The Environment Protection Authority’s draft Environment Protection (Air Quality) Policy 2016 contains no mention of allowing burning for bushfire prevention.

Burnside and Mitcham councils issue hundreds of burn-off permits each year to landowners and the Country Fire Service in suburbs such as Skye, Mount Osmond, Urrbrae and Belair.

A report to this week’s Burnside Council meeting said the draft policy may cause an “increase of risk where property owners are not be able to remove fuel loads from their property”.

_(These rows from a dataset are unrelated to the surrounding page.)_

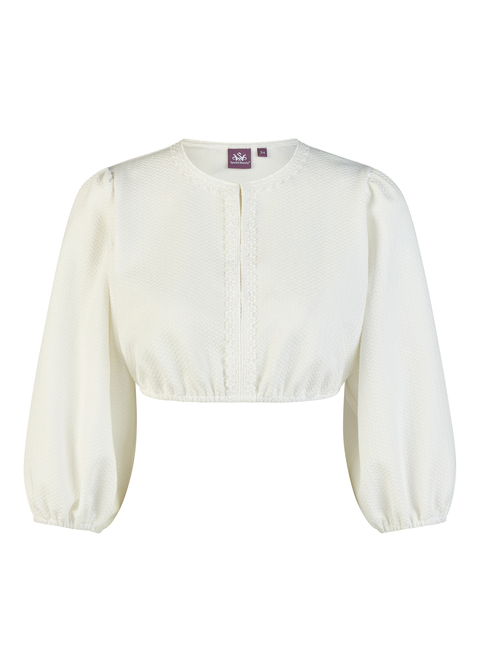 Hulda-Dirndlbluse 3/4 Arm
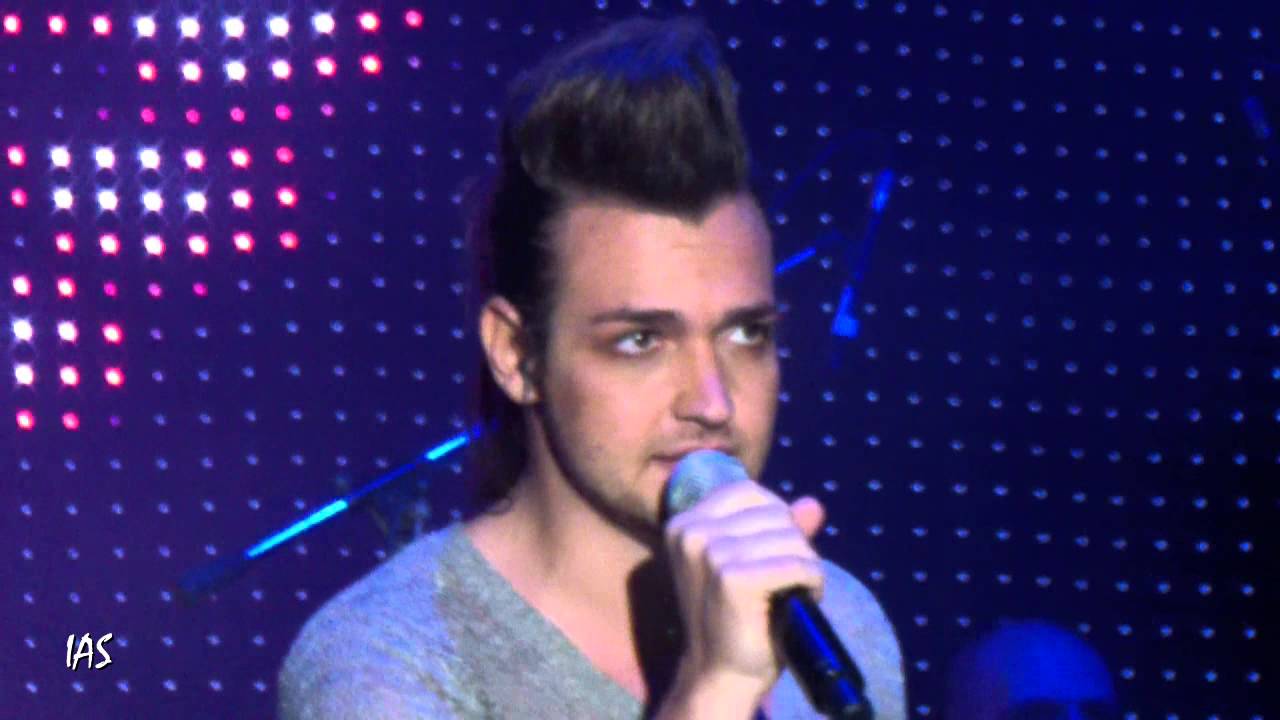 Valerio Scanu - THE SHOW MUST GO ON - @Rainbow Magicland di Roma-Valmontone - 29/06/2013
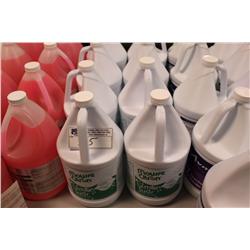 8 JUGS OF LEMON SUDS HAND WASHING DETERGENT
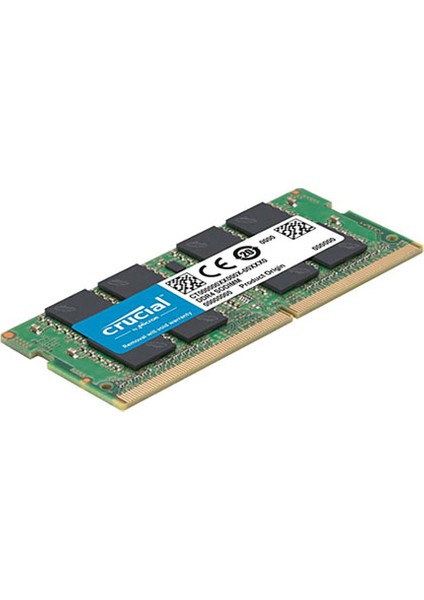 Crucıal 16GB Ddr4 3200MHZ CL22 Notebook Ram CT16G4SFRA32A (1.2V)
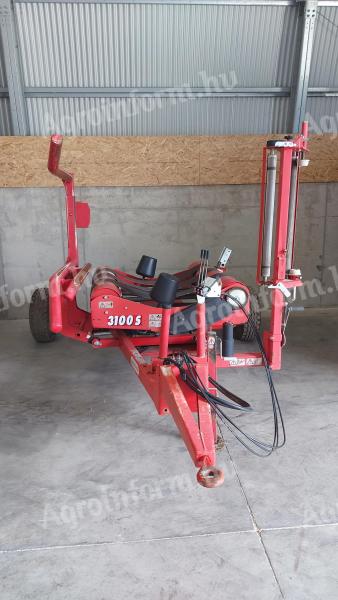 Maschio szalagos bálacsomagoló eladó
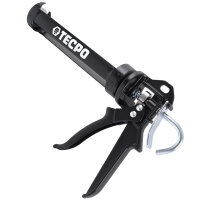 2x TECPO Injektionsmörtel SF 300 Verbundmörtel Montagemörtel 300 ml + Kartuschenpresse 25:1 für Kartuschen 150–310 ml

“The draft policy does not provide the city of Burnside, as a metropolitan council, the ability to permit burning in the open, outside the bushfire danger season, for the purpose of reducing the hazard of bushfire as is currently the case with the existing (policy),” the report by city development and safety manager Magnus Heinrich said.

In particular, it said some areas were so steep and inaccessible that “fuel load is unable to be easily removed from land and hence is disposed of in situ”.

Mr Heinrich urged the policy to be amended “to allow the council to continue to issue such permits in order to enable continued effective bushfire hazard management in high risk areas”.

EPA strategy and business director Roslyn Agate said it appeared references to the permit system “had dropped off somewhere along the way”.

“The EPA will not endorse any conditions where the risk of bushfire can be heightened,” Ms Agate said.

Mitcham Council chief executive Matt Pears said his council also had “initial concerns surrounding the issuing of burning permits”.

A staff member would attend a public meeting hosted by the EPA in Stirling on Friday to hear more about the policy and to prepare a submission.

Mount Osmond resident Marlene Pitman regularly burns off weeds and fallen debris with permission from Burnside Council.

She said it would be “so difficult as to be impossible” to get rid of rubbish any other way from her very steep 8000sq m property.

“It would mean we’d have more debris hanging around and less ability to keep the grass down,” Ms Pitman said.

The CFS referred questions to the EPA.

Onkaparinga, Tea Tree Gully and Playford councils also issue permits for burn-offs.